Questi giovani vengono attratti dall'idea di fare soldi facili all'estero, spiega ancora Anna Sergi: «Ti do 5.000-10.000 euro e ti dico 'vai e diventa socio di tuo cugino che ha una pizzeria in Germania'. Tu vai perché in Germania puoi fare qualcosa. È l'idea che puoi fare soldi facili e tu ti meriti di fare una bella vita».
Dalla strage di Duisburg del 2007, la legge tedesca sta considerando sempre più seriamente la presenza della 'ndrangheta sul suo territorio. All'inizio di quest'anno, per la prima volta una sentenza di condanna di un tribunale tedesco ha citato la 'ndrangheta, in relazione ai reati commessi da Salvatore Giorgi. Giorgi è stato condannato per traffico di droga e riciclaggio a tre anni e sei mesi dal tribunale di Costanza (Amtsgericht). Nella puntata raccontiamo la sua storia: cameriere in un ristorante a Überlingen, sul lago di Costanza, e al tempo stesso galoppino per le cosche.
La sentenza di Costanza adesso si sta cercando di replicarla nel maxi-processo attualmente in corso nell'aula bunker di Düsseldorf. Qui sono imputati 14 personaggi, italiani e non, legati a vario titolo alle cosche 'ndranghetiste di San Luca, in Calabria. Un maxi-processo in cui la procura di Duisburg, competente per il caso, ha fatto luce anche sulla struttura stessa dell'organizzazione in Germania, simile a quella di un'azienda e per questo chiamata «Mafia & Co. KG», dove KG sta per Kommanditgesellschaft, società in accomandita semplice.
Il giudice Alessandro Bellardita: «Dal punto di vista della cultura di indagine tedesca si tratta di un processo lungo, pesante da gestire, con oltre 40 avvocati che fanno una difesa conflittuale e dunque il processo si sta allungando tantissimo. Per quel che riguarda le procure che sono coinvolte, sicuramente è un processo storico».
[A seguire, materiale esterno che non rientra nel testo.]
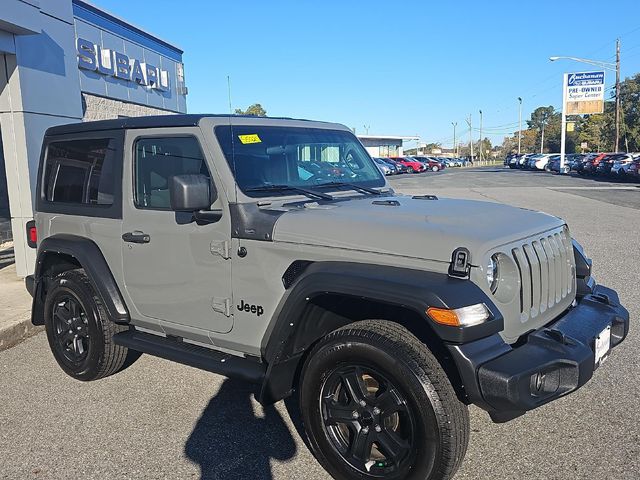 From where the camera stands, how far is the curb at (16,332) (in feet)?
18.0

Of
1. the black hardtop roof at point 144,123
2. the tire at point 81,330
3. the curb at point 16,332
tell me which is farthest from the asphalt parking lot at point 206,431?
the black hardtop roof at point 144,123

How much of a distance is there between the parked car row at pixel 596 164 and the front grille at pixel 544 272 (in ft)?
97.9

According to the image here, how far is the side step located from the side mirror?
3.17ft

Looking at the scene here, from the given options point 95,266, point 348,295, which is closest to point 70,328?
point 95,266

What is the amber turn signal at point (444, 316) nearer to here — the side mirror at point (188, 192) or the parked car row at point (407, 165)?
the side mirror at point (188, 192)

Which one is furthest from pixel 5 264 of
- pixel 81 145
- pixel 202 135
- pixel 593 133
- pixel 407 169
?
pixel 593 133

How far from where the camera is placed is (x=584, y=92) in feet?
147

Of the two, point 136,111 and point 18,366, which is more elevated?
point 136,111

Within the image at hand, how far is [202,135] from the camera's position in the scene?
3.65 m

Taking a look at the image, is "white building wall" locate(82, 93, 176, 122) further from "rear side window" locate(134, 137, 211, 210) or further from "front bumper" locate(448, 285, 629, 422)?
"front bumper" locate(448, 285, 629, 422)

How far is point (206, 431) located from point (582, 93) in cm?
4805

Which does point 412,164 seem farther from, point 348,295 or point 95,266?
point 348,295

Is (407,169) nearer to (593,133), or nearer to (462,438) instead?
(593,133)

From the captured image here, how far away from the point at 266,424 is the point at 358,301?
1191 millimetres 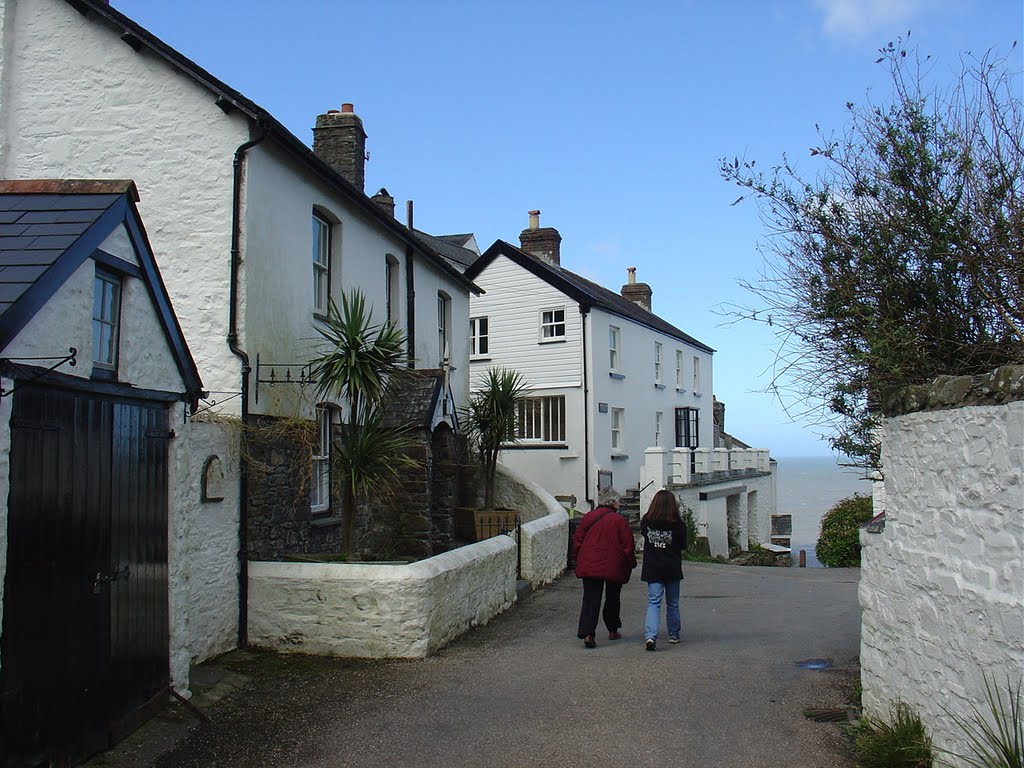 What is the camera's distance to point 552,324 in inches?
1067

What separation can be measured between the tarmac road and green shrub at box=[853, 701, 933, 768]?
277 mm

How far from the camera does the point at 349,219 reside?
46.6 ft

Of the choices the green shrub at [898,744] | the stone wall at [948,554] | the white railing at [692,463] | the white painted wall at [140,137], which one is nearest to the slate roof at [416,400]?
the white painted wall at [140,137]

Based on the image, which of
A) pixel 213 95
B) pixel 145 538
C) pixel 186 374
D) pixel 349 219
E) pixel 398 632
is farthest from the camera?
pixel 349 219

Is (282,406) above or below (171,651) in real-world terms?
above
Tra gli esperti che abbiamo sentito, anche il professore Arndt Sinn, giurista e direttore di ZEIS, Centro di studi sulla giustizia penale europea e internazionale: «Questo processo ricorda alla giustizia che in ogni caso vale la pena indagare all'interno di queste organizzazioni criminali e chi ne fa parte, per distruggere la loro struttura. È questa la chiave per combattere la criminalità organizzata: primo, distruggere la struttura e parallelamente portar via il loro denaro».